:: DESCRIPTION OF THE TASK ::
From the records below, output exactly the lines starting at the line with "Dr Helen's Dental & Implant Studio Pic 3" and ending at the line with "1BR 1BA - Redwood Grove Apartments", both of them included, but no pictures.

:: MATERIALS PROVIDED ::

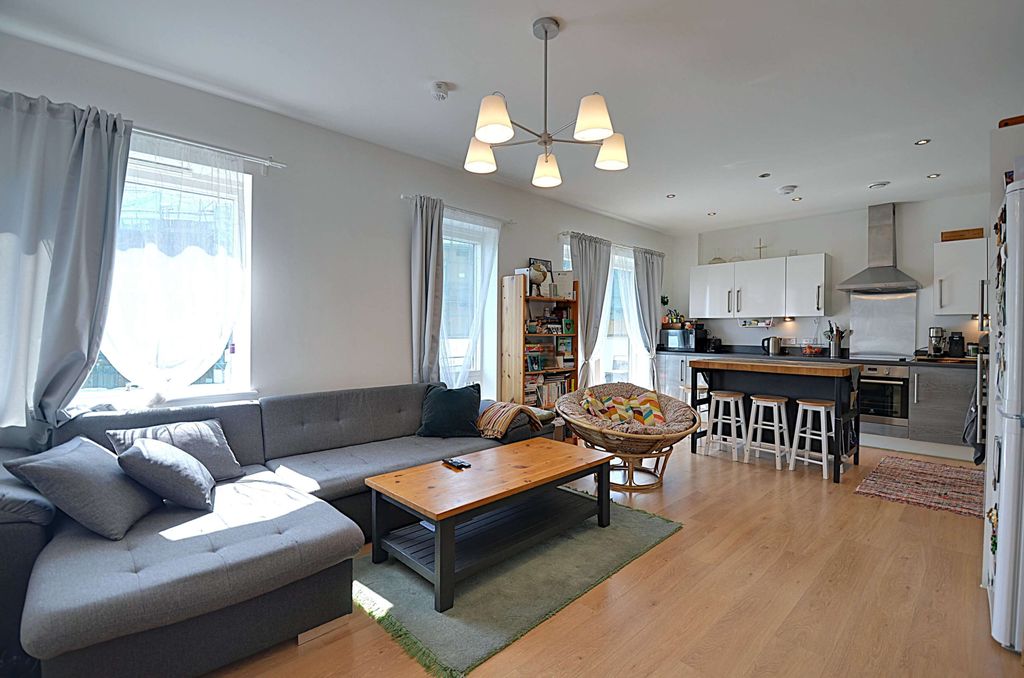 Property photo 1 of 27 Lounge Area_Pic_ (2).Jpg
...
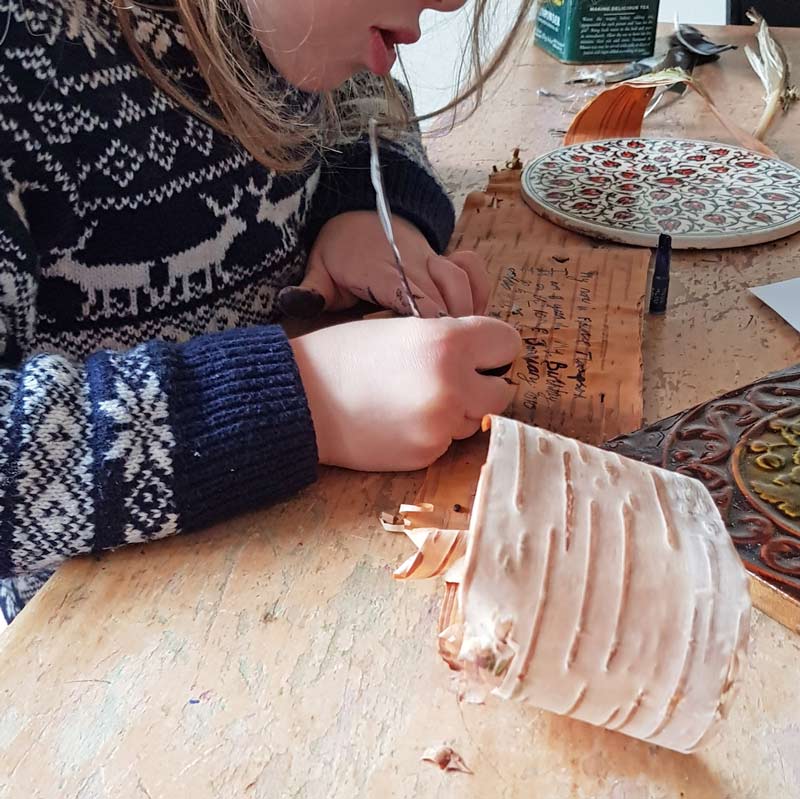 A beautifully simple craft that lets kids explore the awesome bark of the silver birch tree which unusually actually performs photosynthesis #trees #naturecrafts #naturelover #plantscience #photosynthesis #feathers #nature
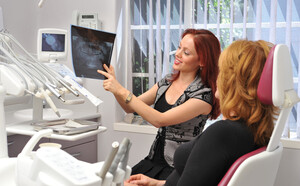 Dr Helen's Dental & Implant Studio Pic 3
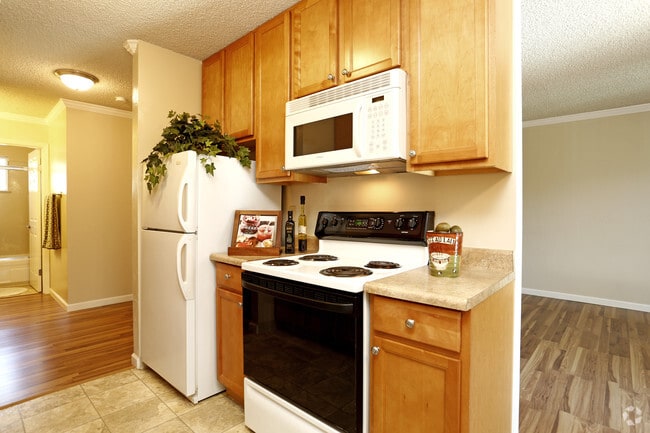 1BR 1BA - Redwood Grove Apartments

:: EXERCISE RESPONSE ::
 Dr Helen's Dental & Implant Studio Pic 3
 1BR 1BA - Redwood Grove Apartments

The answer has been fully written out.